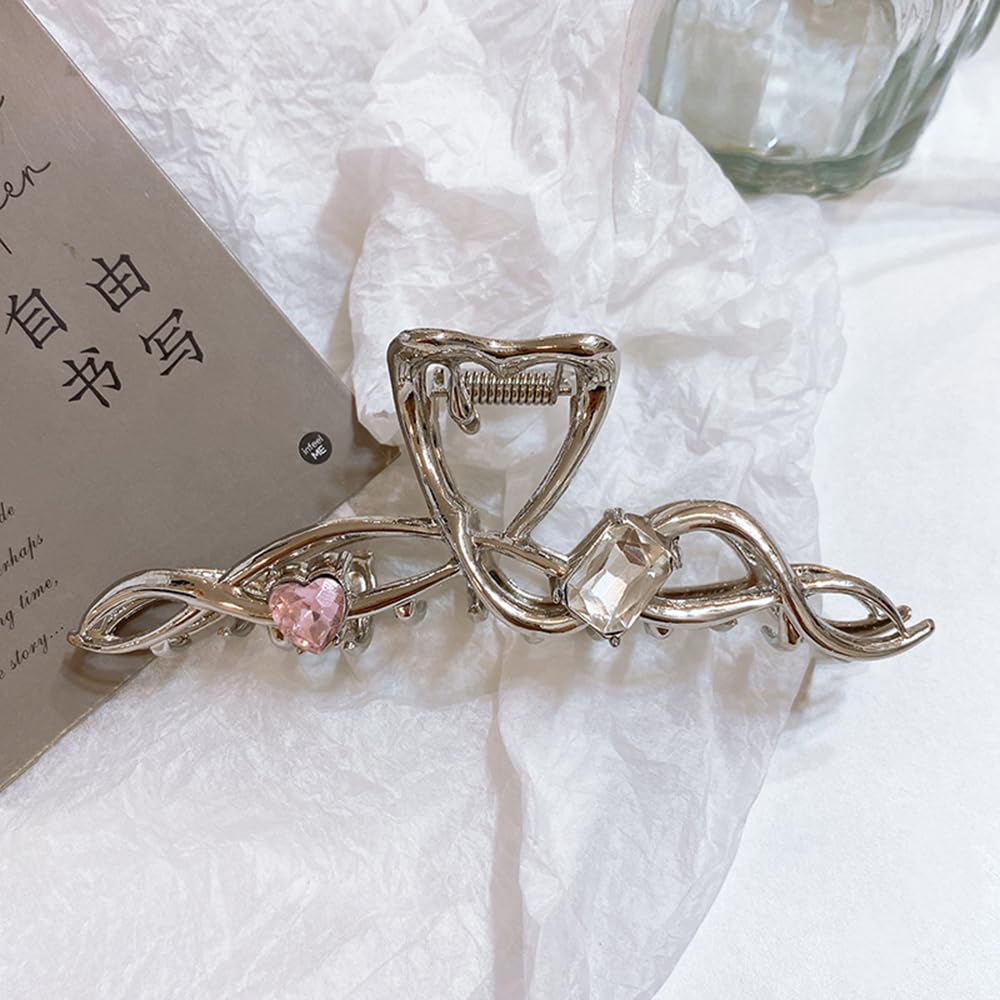 S.A.V.I Silver Metal Hair Claw Clip for Women & Girls | 11cm Big Hair Clutcher with Rhinestones | Stylish Butterfly Design | Strong Grip Hair Accessory for Thick Hair, Party & Daily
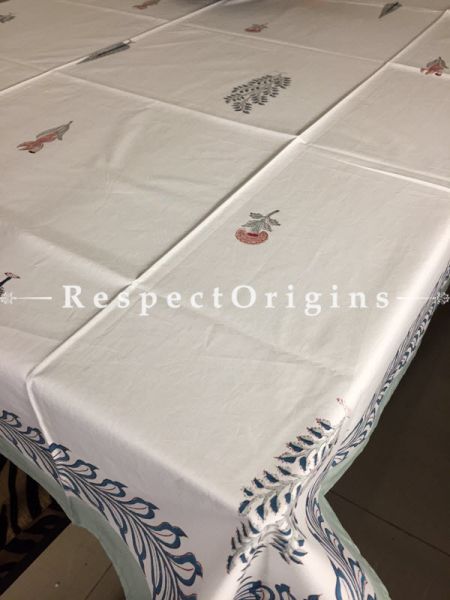 Refined White Base Hand Block Printed Thick Water Lily Design Cotton Washable Table Cover; 90 x 60 Inches; RespectOrigins.com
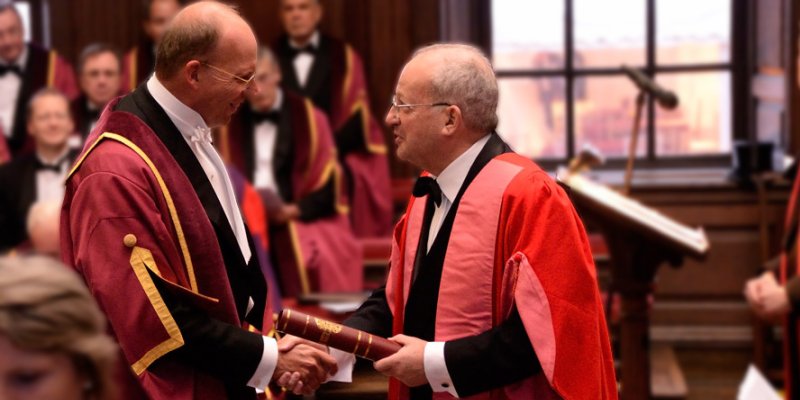 Gifford Combs is shown at his admittance to the Guild of Benefactors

### What is expected
Whenever you reach a picture, pass over it; print all the other material exactly.

### Solved exercise
 S.A.V.I Silver Metal Hair Claw Clip for Women & Girls | 11cm Big Hair Clutcher with Rhinestones | Stylish Butterfly Design | Strong Grip Hair Accessory for Thick Hair, Party & Daily
 Refined White Base Hand Block Printed Thick Water Lily Design Cotton Washable Table Cover; 90 x 60 Inches; RespectOrigins.com
 Gifford Combs is shown at his admittance to the Guild of Benefactors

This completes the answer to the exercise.